Les responsables du New York Times sont face à un dilemme. D’un côté, la menace d’une sanction qu’on veut éviter, et de l’autre, le devoir d’informer le public. Se fondant sur des précédentes affaires notamment la publication des informations secrètes relatives à la guerre du Vietnam en 1971, la plainte de l’Etat qui s’en est suivie et la décision de la Cour suprême qui refuse d’entériner cette poursuite judiciaire, David Mc Craw rassure, ces informations peuvent être publiées. Cependant, des préalables sont nécessaires. Notamment, la critique des sources en donnant au gouvernement la possibilité de commenter, de donner son opinion sur les questions abordées dans les documents. Cette critique permet en outre, d’éliminer de la publication, des informations pouvant affecter la sécurité de l’Etat. Ce qui leur vaudrait à coup sûr une condamnation.

Egalement pour plus d’impact, le New York Times (Nyt) décide de partager ses informations avec d’autres journaux dans le monde. La collaboration avec le gouvernement américain ne plaît pas à Julian Assange et refroidit sa relation avec le Nyt. Tant et si bien que sur le Nyt ne recevra pas la troisième vague des documents livrés à la presse par Julian Assange. N’eût-été la solidarité du « The Guardian », le Nyt serait passé à côté de cette publication.

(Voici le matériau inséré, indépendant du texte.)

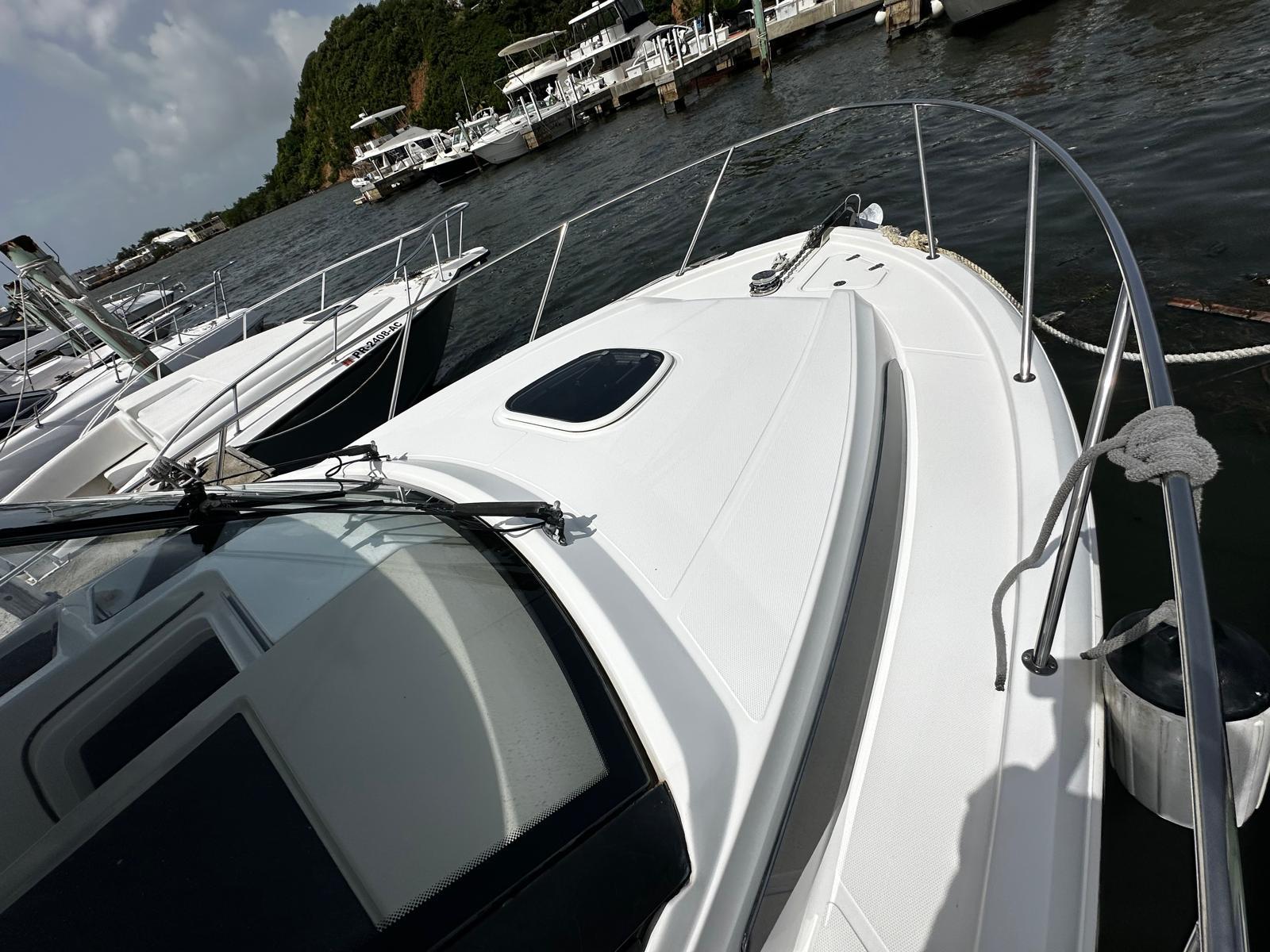 2020 Boston Whaler 325 Conquest docked at marina, surrounded by other boats.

Deux ans plus tard, l’avocat général du Nyt ne voit pas en quoi l’affaire Wikileaks a endommagé les relations entre les Etats-Unis et les autres pays. Au contraire, « elles ont même été consolidées ». Même si cette affaire reconnaît-il « a compliqué le travail des diplomates sur le terrain ». Si l’avocat général condamne la fermeture du site Wikileaks, on ne perçoit pas dans ses propos, le soutien apporté à cet informateur qui aujourd’hui connaît des procès qui bien qu’ayant trait aux mœurs, sont qualifiés de politiques. De même, le soldat à l’origine de cette affaire est poursuivi au niveau du tribunal militaire. Sa détention provisoire ne se passerait pas sans heurt car il serait victime de traitements inhumains. La directrice adjoint de conclure face à ses étudiants qu’il s’agit là d’une belle démonstration de l’usage responsable de l’information. Pour elle, « quand on est un journaliste responsable, on ne dit pas tout, on n’écrit pas tout ».